Below are some entries; write out each one of them exactly.

# # # # #

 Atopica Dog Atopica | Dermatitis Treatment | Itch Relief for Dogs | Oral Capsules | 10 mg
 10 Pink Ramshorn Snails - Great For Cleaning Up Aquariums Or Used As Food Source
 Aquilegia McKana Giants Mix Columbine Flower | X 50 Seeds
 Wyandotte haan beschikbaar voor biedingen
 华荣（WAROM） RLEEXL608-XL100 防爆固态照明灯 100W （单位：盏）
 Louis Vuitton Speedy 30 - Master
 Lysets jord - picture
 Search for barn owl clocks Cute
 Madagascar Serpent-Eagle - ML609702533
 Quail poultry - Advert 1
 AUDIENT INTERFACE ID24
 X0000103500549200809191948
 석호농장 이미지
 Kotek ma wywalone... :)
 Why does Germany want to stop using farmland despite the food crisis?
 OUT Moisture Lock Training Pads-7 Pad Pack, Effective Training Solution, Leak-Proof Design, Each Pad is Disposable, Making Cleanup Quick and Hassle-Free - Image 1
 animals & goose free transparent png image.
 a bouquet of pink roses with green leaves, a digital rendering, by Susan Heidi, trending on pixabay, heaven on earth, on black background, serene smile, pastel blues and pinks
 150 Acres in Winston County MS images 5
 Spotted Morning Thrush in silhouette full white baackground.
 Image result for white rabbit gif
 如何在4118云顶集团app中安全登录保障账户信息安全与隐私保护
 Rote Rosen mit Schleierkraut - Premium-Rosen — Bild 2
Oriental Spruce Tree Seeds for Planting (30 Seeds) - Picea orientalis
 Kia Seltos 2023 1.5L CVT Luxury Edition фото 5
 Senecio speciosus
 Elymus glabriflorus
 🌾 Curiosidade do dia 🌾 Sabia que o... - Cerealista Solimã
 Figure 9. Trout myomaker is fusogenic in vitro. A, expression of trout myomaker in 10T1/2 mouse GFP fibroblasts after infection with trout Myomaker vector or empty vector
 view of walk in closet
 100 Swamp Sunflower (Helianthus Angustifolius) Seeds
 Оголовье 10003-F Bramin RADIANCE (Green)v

# # # # #

→ **YOUR RESPONSE**
 Atopica Dog Atopica | Dermatitis Treatment | Itch Relief for Dogs | Oral Capsules | 10 mg
 10 Pink Ramshorn Snails - Great For Cleaning Up Aquariums Or Used As Food Source
 Aquilegia McKana Giants Mix Columbine Flower | X 50 Seeds
 Wyandotte haan beschikbaar voor biedingen
 华荣（WAROM） RLEEXL608-XL100 防爆固态照明灯 100W （单位：盏）
 Louis Vuitton Speedy 30 - Master
 Lysets jord - picture
 Search for barn owl clocks Cute
 Madagascar Serpent-Eagle - ML609702533
 Quail poultry - Advert 1
 AUDIENT INTERFACE ID24
 X0000103500549200809191948
 석호농장 이미지
 Kotek ma wywalone... :)
 Why does Germany want to stop using farmland despite the food crisis?
 OUT Moisture Lock Training Pads-7 Pad Pack, Effective Training Solution, Leak-Proof Design, Each Pad is Disposable, Making Cleanup Quick and Hassle-Free - Image 1
 animals & goose free transparent png image.
 a bouquet of pink roses with green leaves, a digital rendering, by Susan Heidi, trending on pixabay, heaven on earth, on black background, serene smile, pastel blues and pinks
 150 Acres in Winston County MS images 5
 Spotted Morning Thrush in silhouette full white baackground.
 Image result for white rabbit gif
 如何在4118云顶集团app中安全登录保障账户信息安全与隐私保护
 Rote Rosen mit Schleierkraut - Premium-Rosen — Bild 2
Oriental Spruce Tree Seeds for Planting (30 Seeds) - Picea orientalis
 Kia Seltos 2023 1.5L CVT Luxury Edition фото 5
 Senecio speciosus
 Elymus glabriflorus
 🌾 Curiosidade do dia 🌾 Sabia que o... - Cerealista Solimã
 Figure 9. Trout myomaker is fusogenic in vitro. A, expression of trout myomaker in 10T1/2 mouse GFP fibroblasts after infection with trout Myomaker vector or empty vector
 view of walk in closet
 100 Swamp Sunflower (Helianthus Angustifolius) Seeds
 Оголовье 10003-F Bramin RADIANCE (Green)v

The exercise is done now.